- _Source material_
========================================
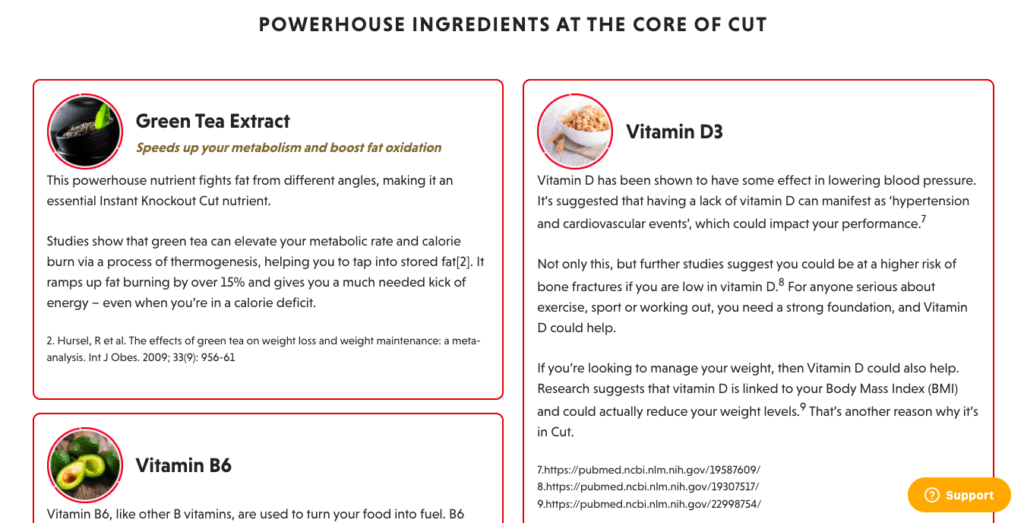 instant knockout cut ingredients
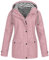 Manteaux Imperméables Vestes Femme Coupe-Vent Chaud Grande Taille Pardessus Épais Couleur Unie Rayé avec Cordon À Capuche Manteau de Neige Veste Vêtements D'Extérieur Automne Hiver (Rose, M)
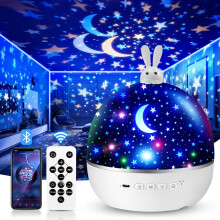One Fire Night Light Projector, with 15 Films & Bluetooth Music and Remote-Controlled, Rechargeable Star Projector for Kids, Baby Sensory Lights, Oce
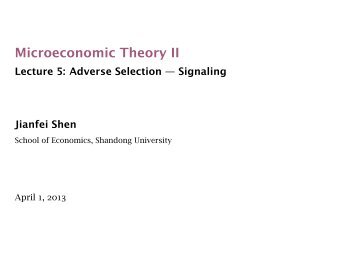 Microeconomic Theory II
========================================
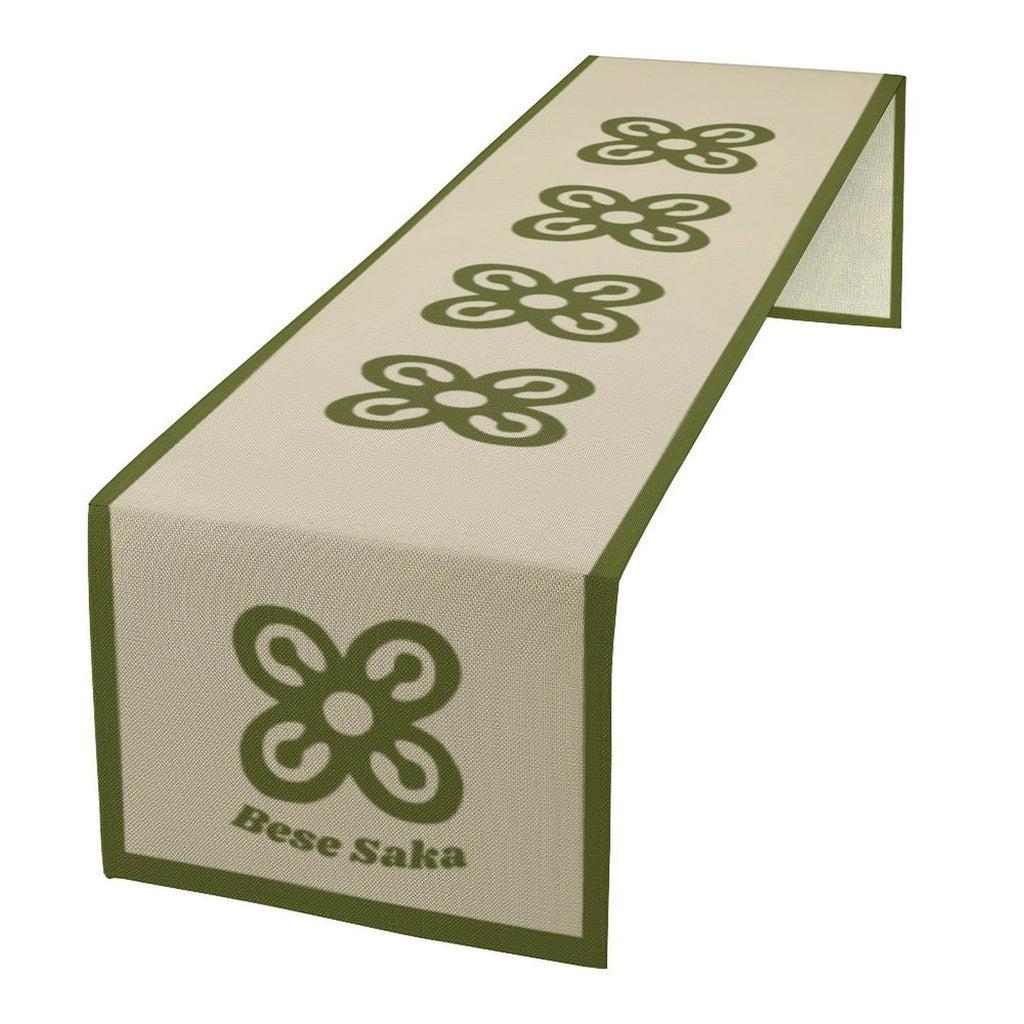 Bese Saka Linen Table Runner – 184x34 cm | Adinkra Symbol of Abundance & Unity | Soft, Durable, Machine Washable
========================================
- _Problem to work on_
Copy back exactly the lines above from the one containing "instant knockout cut ingredients" through the one containing "Microeconomic Theory II", and leave every picture behind.

- _Exercise output_
 instant knockout cut ingredients
 Manteaux Imperméables Vestes Femme Coupe-Vent Chaud Grande Taille Pardessus Épais Couleur Unie Rayé avec Cordon À Capuche Manteau de Neige Veste Vêtements D'Extérieur Automne Hiver (Rose, M)
One Fire Night Light Projector, with 15 Films & Bluetooth Music and Remote-Controlled, Rechargeable Star Projector for Kids, Baby Sensory Lights, Oce
 Microeconomic Theory II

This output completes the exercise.